Wieso ist Humanistische Psychotherapie ein emanzipatorisches Verfahren?

Die humanistische Psychotherapie strebt an, als Teil der öffentlichen Gesundheitsversorgung zur Approbationsausbildung und zur Abrechnung über die Krankenkassen zugelassen zu werden. Sie versteht sich als Verfahren zur Heilung oder Linderung psychischer Krankheiten. Dabei geht sie davon aus, dass anhaltendes psychisches Leid ein Resultat multipler Entfremdungen ist, die wiederum Aspekte sozialer Verwerfungen auf der gesellschaftlichen Ebene sind.

Depressive, strukturelle, posttraumatische oder Hyperaktivitäts-Störungen haben in den letzten Jahrzehnten deutlich zugenommen. Andere Störungsbilder wie Hysterie, Katatonie oder Neurasthenie sind verschwunden oder deutlich rückläufig. Es gibt klare Unterschiede in Art und Auftretenshäufigkeit psychischer Störungen nach historischer Epoche, sozialer Situation, Kulturkreis, Milieu, Alter, Geschlecht oder sozialer Schicht. Sozio-ökonomische Strukturen und kulturelle Faktoren sind also offenbar an der Entstehung und Aufrechterhaltung individueller psychischer Störungen zumindest beteiligt.

Daher ist nachhaltige psychotherapeutische Heilung nur als emanzipatorischer Prozess denkbar im Sinne der individuellen Auseinandersetzung, der Standpunktfindung und der Gewinnung von Handlungsfähigkeit des Patienten in Bezug auf repressive oder mangelhafte sozialen Bedingungen, unter denen er lebt.

Beispiel: Eine afro-deutsche Patientin, die in einem kleinen Ort in Brandenburg aufgewachsen ist, leidet unter Depressionen und sozialen Ängsten. Sie ist schon jahrzehntelang direkten und indirekten rassistischen Anfeindungen und Entwertungen ausgesetzt.

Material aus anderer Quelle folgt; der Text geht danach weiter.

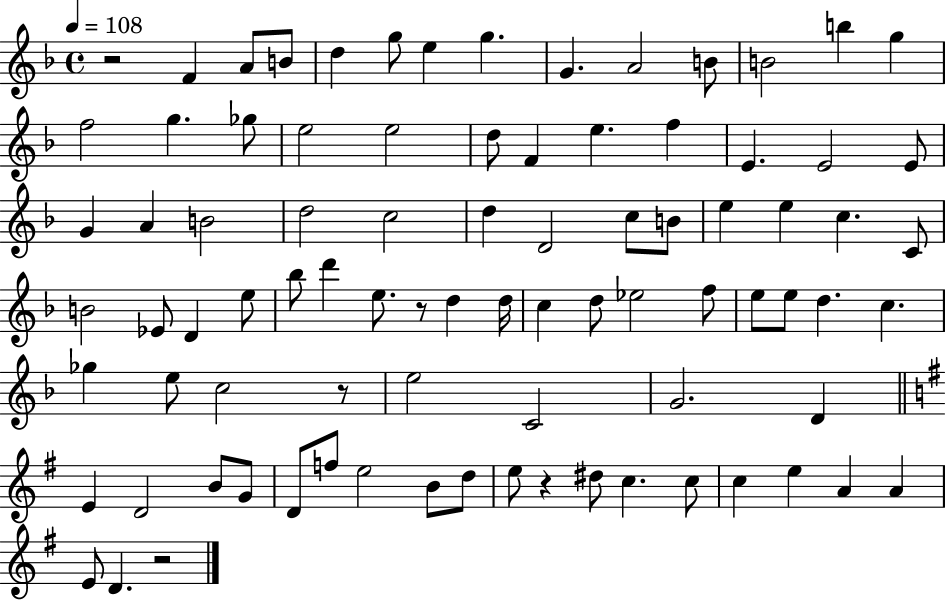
R/h F4/q A4/e B4/e D5/q G5/e E5/q G5/q. G4/q. A4/h B4/e B4/h B5/q G5/q F5/h G5/q. Gb5/e E5/h E5/h D5/e F4/q E5/q. F5/q E4/q. E4/h E4/e G4/q A4/q B4/h D5/h C5/h D5/q D4/h C5/e B4/e E5/q E5/q C5/q. C4/e B4/h Eb4/e D4/q E5/e Bb5/e D6/q E5/e. R/e D5/q D5/s C5/q D5/e Eb5/h F5/e E5/e E5/e D5/q. C5/q. Gb5/q E5/e C5/h R/e E5/h C4/h G4/h. D4/q E4/q D4/h B4/e G4/e D4/e F5/e E5/h B4/e D5/e E5/e R/q D#5/e C5/q. C5/e C5/q E5/q A4/q A4/q E4/e D4/q. R/h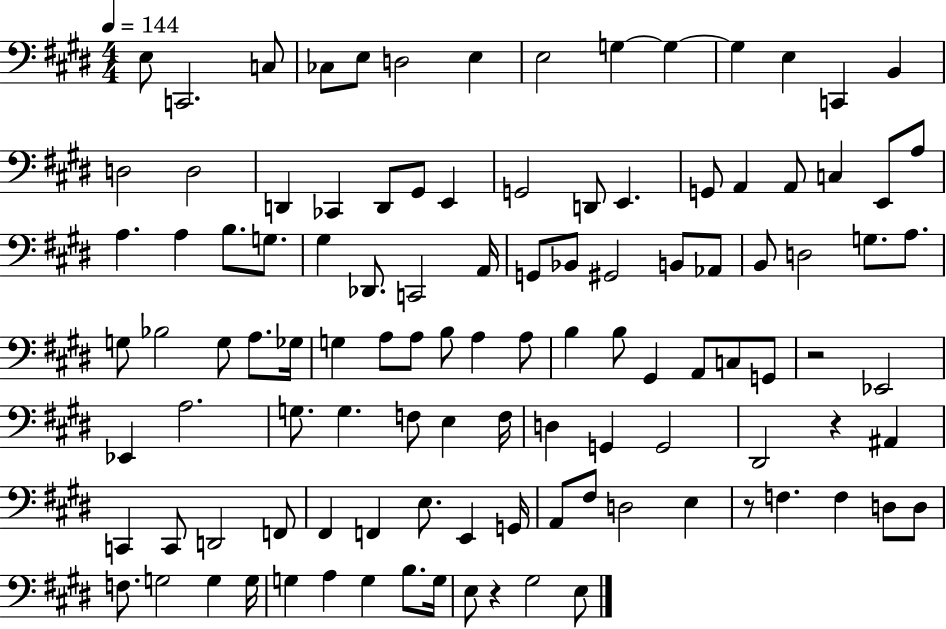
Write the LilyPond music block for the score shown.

{
  \clef bass
  \numericTimeSignature
  \time 4/4
  \key e \major
  \tempo 4 = 144
  \repeat volta 2 { e8 c,2. c8 | ces8 e8 d2 e4 | e2 g4~~ g4~~ | g4 e4 c,4 b,4 | \break d2 d2 | d,4 ces,4 d,8 gis,8 e,4 | g,2 d,8 e,4. | g,8 a,4 a,8 c4 e,8 a8 | \break a4. a4 b8. g8. | gis4 des,8. c,2 a,16 | g,8 bes,8 gis,2 b,8 aes,8 | b,8 d2 g8. a8. | \break g8 bes2 g8 a8. ges16 | g4 a8 a8 b8 a4 a8 | b4 b8 gis,4 a,8 c8 g,8 | r2 ees,2 | \break ees,4 a2. | g8. g4. f8 e4 f16 | d4 g,4 g,2 | dis,2 r4 ais,4 | \break c,4 c,8 d,2 f,8 | fis,4 f,4 e8. e,4 g,16 | a,8 fis8 d2 e4 | r8 f4. f4 d8 d8 | \break f8. g2 g4 g16 | g4 a4 g4 b8. g16 | e8 r4 gis2 e8 | } \bar "|."
}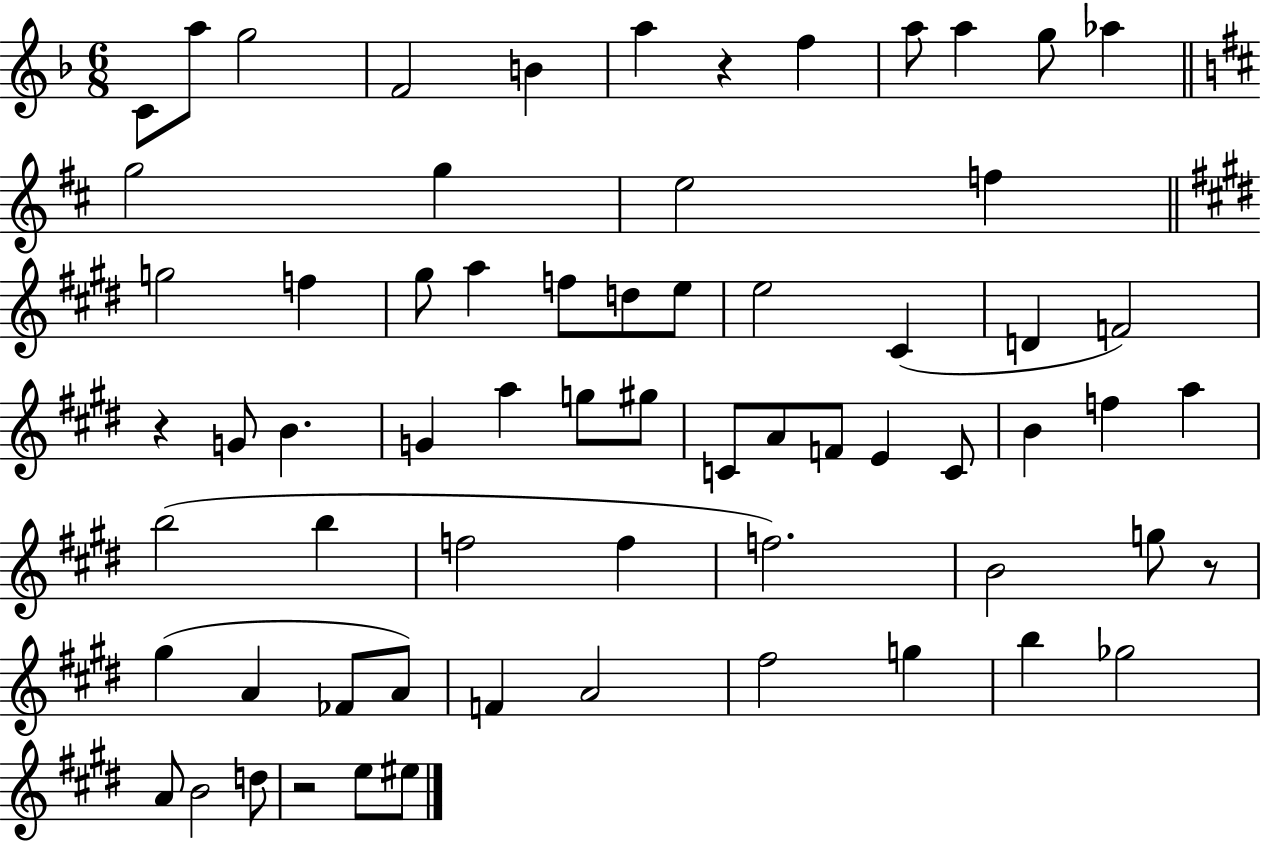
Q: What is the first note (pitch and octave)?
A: C4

Es würde zu kurz greifen, die Ängste und Depressionen der Patientin nur zu individualisieren und von der rassistischen Atmosphäre in der Umgebung der Patientin abzusehen. Ein wichtiger Aspekt der Psychotherapie mit dieser Patientin wäre es, zu validieren, was sie berechtigt als Rassismus wahrnimmt und mit ihr zusammen angemessene Umgangsweisen damit zu erarbeiten und zugleich zu überprüfen, welchen Reaktionen anderer Menschen sie eventuell fälschlicherweise rassistische Motive zuschreibt und welche Aspekte ihrer Ängste und Depressionen evtl. auf andere Quellen zurückzuführen sind.

Humanistische Psychotherapie versteht individuelle psychische Heilung auch als Auseinandersetzung mit sozialer Diskriminierung, kultureller Intoleranz, ökonomischer Ausbeutung, sozialer Unterdrückung und kultureller Verödung.